Balancing Natural Language Processing Accuracy and Normalisation in Extracting Medical Insights
It addresses the challenge of extracting structured data from non-English clinical text in resource-scarce healthcare settings, proposing a hybrid approach for improved reliability and efficiency.
This study compared rule-based NLP methods and Large Language Models for extracting medical insights from Polish clinical text, finding that rule-based methods achieved higher accuracy for demographics while LLMs were better for drug recognition and adaptability, with analysis of translation effects.

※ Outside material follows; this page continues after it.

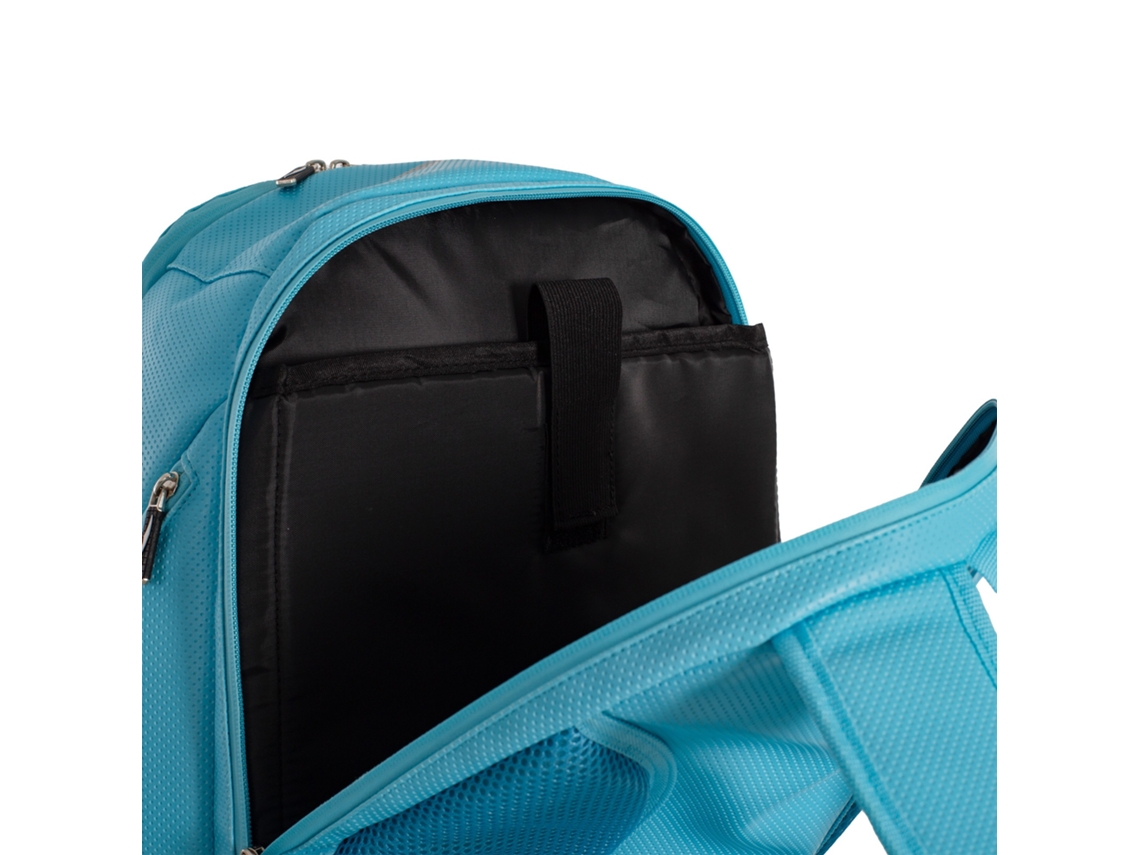 Mochila para coche Softee azul cielo
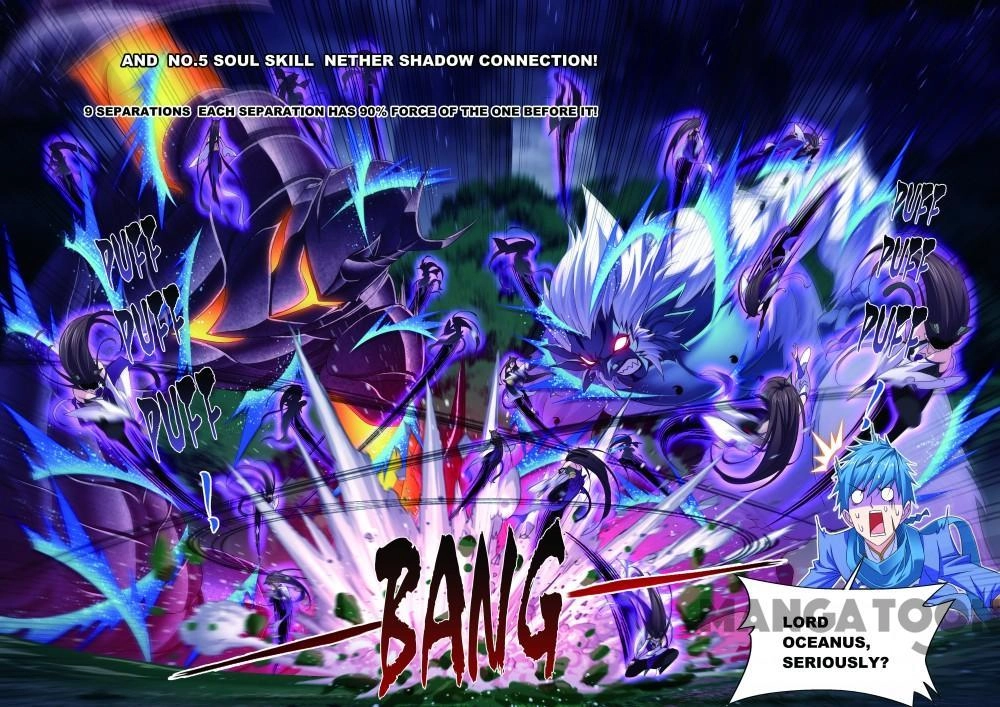Read Soul Land chapter 508 image 16 on Lezhin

Extracting structured medical insights from unstructured clinical text using Natural Language Processing (NLP) remains an open challenge in healthcare, particularly in non-English contexts where resources are scarce. This study presents a comparative analysis of NLP low-compute rule-based methods and Large Language Models (LLMs) for information extraction from electronic health records (EHR) obtained from the Voivodeship Rehabilitation Hospital for Children in Ameryka, Poland. We evaluate both approaches by extracting patient demographics, clinical findings, and prescribed medications while examining the effects of lack of text normalisation and translation-induced information loss. Results demonstrate that rule-based methods provide higher accuracy in information retrieval tasks, particularly for age and sex extraction. However, LLMs offer greater adaptability and scalability, excelling in drug name recognition. The effectiveness of the LLMs was compared with texts originally in Polish and those translated into English, assessing the impact of translation. These findings highlight the trade-offs between accuracy, normalisation, and computational cost when deploying NLP in healthcare settings. We argue for hybrid approaches that combine the precision of rule-based systems with the adaptability of LLMs, offering a practical path toward more reliable and resource-efficient clinical NLP in real-world hospitals.